A 2022 narrative review published in the Journal of the Academy of Nutrition and Dietetics reported that plant-based foods are rich in antioxidants like vitamin C, vitamin E, beta carotene, polyphenols, and phenolic acids. These compounds can help improve defense against oxidative damage, lower inflammation, and promote structural support of the skin.
Epidemiological studies have also associated higher intakes of select fruits and vegetables with positive skin health. Fruits and vegetables are abundant in vitamins, carotenoids, anthocyanins, and polyphenols, which is recommended for skin health and appearance. In general, yellow, orange, and red fruits like mangos, melons, citrus, tomatoes, and vegetables like red bell peppers and dark-green leafy kale provide good sources of carotenoids.
Anthocyanins and polyphenols are found in fruits with deep red or purple colors like grapes, pomegranate, and passion fruit. Polyphenols are also in nuts, legumes, cocoa, coffee, and tea. Decaffeinated options do not appear to dilute benefits. Strive to consume a wide variety of plant-based foods, as overconsumption of a single food or extract can cause issues.
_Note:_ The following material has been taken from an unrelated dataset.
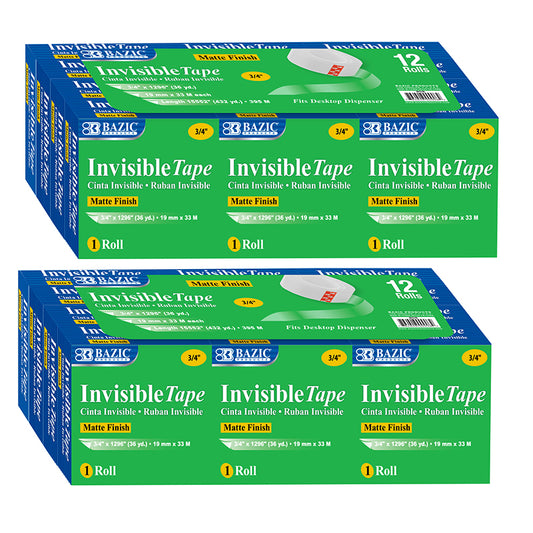 (2 PK) 12PK REFILL INVISIBLE TAPE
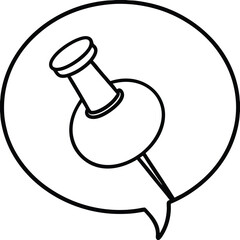 Pinned Message Icon with Pushpin in Chat Bubble Vector Line art illustration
Is a vegan diet anti aging? Studies show a whole-foods, plant-based one is
The evidence supports a WFPB diet to support younger, healthier looking skin. Through higher intake of 1) antioxidants and 2) poly- and mono-unsaturated fatty acids, whole-foods plant-based vegan diets have been shown to 3) lengthen telomeres, 4) eliminate carcinogens and gerontoxins, and 5) fight oxidative stress from free radical damage, resulting in improved skin smoothness, hydration, firmness and elasticity – keeping you looking and feeling your best!